Il lupo, in realtà, ha fatto la sua prima apparizione solo nel 1977, quando il presidente Arcangelo Iapicca incaricò l’architetto Quirino Sgrosso di progettare uno stemma per le divise ufficiali. L’anno seguente fu Serie A, per la prima volta nella storia dell’Avellino, e a nessuno sarebbe mai potuto venire in mente di cambiare quel logo portafortuna, tanto che quell’anno fu seguito dallo splendido storico decennio e Gianni Brera definì la squadra irpina come la più bella realtà del calcio di provincia fino agli anni ’80.

Il perché del lupo, simbolo dell’Irpinia, lo abbiamo già spiegato ricordando come quel termine Hirpus in lingua osca si riferisca proprio al feroce animale, ma perché il bianco ed il verde?

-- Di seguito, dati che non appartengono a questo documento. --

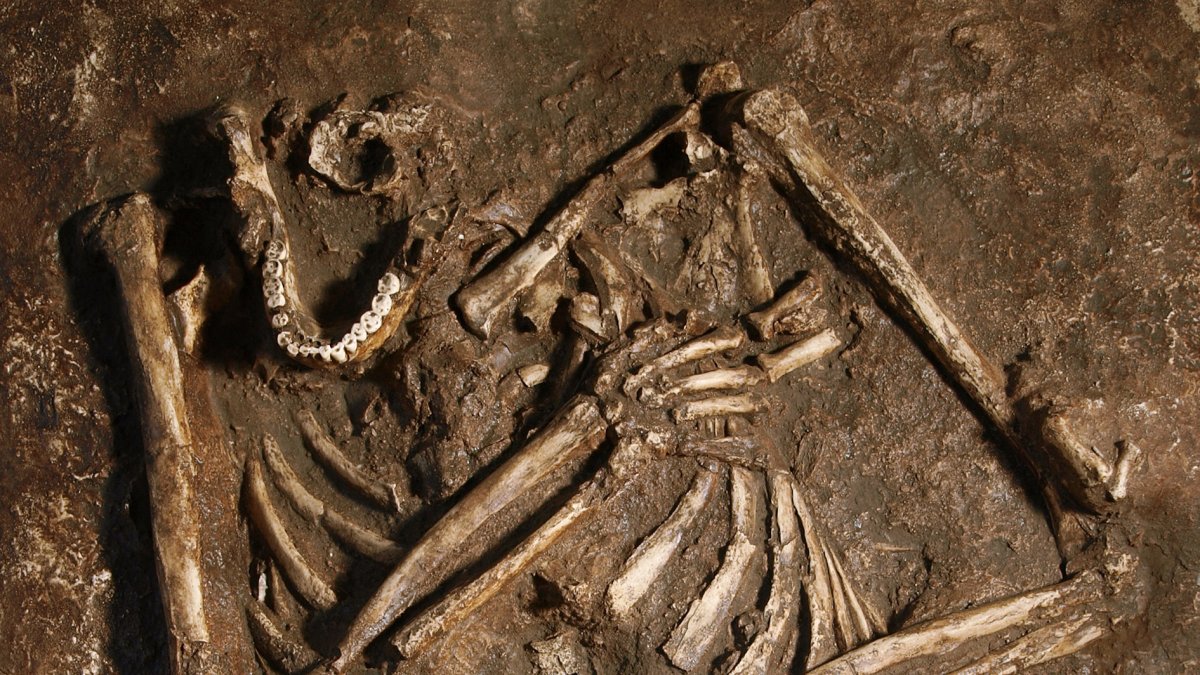 Réplica del esqueleto neandertal de Kebara 2.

L’Avellino è stata la prima squadra ad indossare la maglia biancoverde in massima serie, colore che la rappresenta nell’immaginario collettivo degli appassionati di calcio, tuttavia le maglie acquisirono il caratteristico colore verde solo nel 1947.

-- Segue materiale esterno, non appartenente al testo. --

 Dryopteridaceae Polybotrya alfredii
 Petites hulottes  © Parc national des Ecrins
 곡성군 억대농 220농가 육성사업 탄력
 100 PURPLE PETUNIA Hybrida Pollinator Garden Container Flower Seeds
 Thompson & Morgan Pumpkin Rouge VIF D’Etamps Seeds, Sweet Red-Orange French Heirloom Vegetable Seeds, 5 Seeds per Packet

Era il 23 febbraio ed era l’immediato dopoguerra, prima di quella data la divisa dei lupi era di colore bianco – tinta facilmente reperibile – anche se quel candido white si alternava spesso con il rosso-nero e con il giallo-rosso.

Come detto era il 23 febbraio, il campionato era quello di Serie C della Lega Sud, girone B, le uniche due squadre campane inserite nel lotto erano Benevento e, appunto, Avellino. Prima degli anni ’20, molto più di ora, il derby era contrassegnato da episodi di violenza, di contrasti, tanto che si andava spesso fuori dalla mera sfera calcistica.

anthemis
Il liquore Anthemis

Era il 23 febbraio, o meglio era qualche giorno prima del 23 febbraio, e nei due capoluoghi non si parlava d’altro, di quale città fosse migliore tra le due e si parlava anche di liquore, qual era il più dolce, il famosissimo Strega, della famiglia Alberti di Benevento, o l’Anthemis, la leggendaria goccia di smeraldo, prodotta dai padri Benedettini dell’abbazia di Montevergine?

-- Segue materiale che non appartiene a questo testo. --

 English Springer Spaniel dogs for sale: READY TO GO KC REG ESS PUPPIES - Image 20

Arriva dunque il 23 febbraio e le due squadre scendono in campo rispettivamente con i colori che identificavano i due distillati: verde (con colletto bianco) per l’Anthemis e giallo per lo Strega. Quel giorno vinse il Benevento per 1-0, ma quel 23 febbraio passò alla storia per essere il giorno in cui il colore verde identificò per sempre le maglie dell’Avellino Calcio.

Ovviamente la vicenda non viene confermata del tutto dalle fonti beneventane e della storia c’è anche la versione più poetica che fa derivare la scelta dei colori al verde dei monti che circondano la valle di Avellino e i bianco della neve che li ricopre d’inverno.

Più o meno le storie possono anche combaciare, perché sempre secondo la leggenda, quel liquore dal gusto forte e delicato di produzione monastica trova le sue origini in un piccolo fiore profumato situato sulla sommità del Partenio. A rendere ancora più favolistica la storia è il presunto potere dell’Anthemis, che scaccerebbe la malasorte degli stregoni.

Infine un’ultima versione vuole che fu il presidente Annino Abate a scegliere quel colore, perché gli ricordava la sua terra e nessun altro colore avrebbe potuto rappresentare la squadra di Avellino, capoluogo di un territorio verde per antonomasia: “la verde Irpinia”, piccola Irlanda dell’Italia meridionale.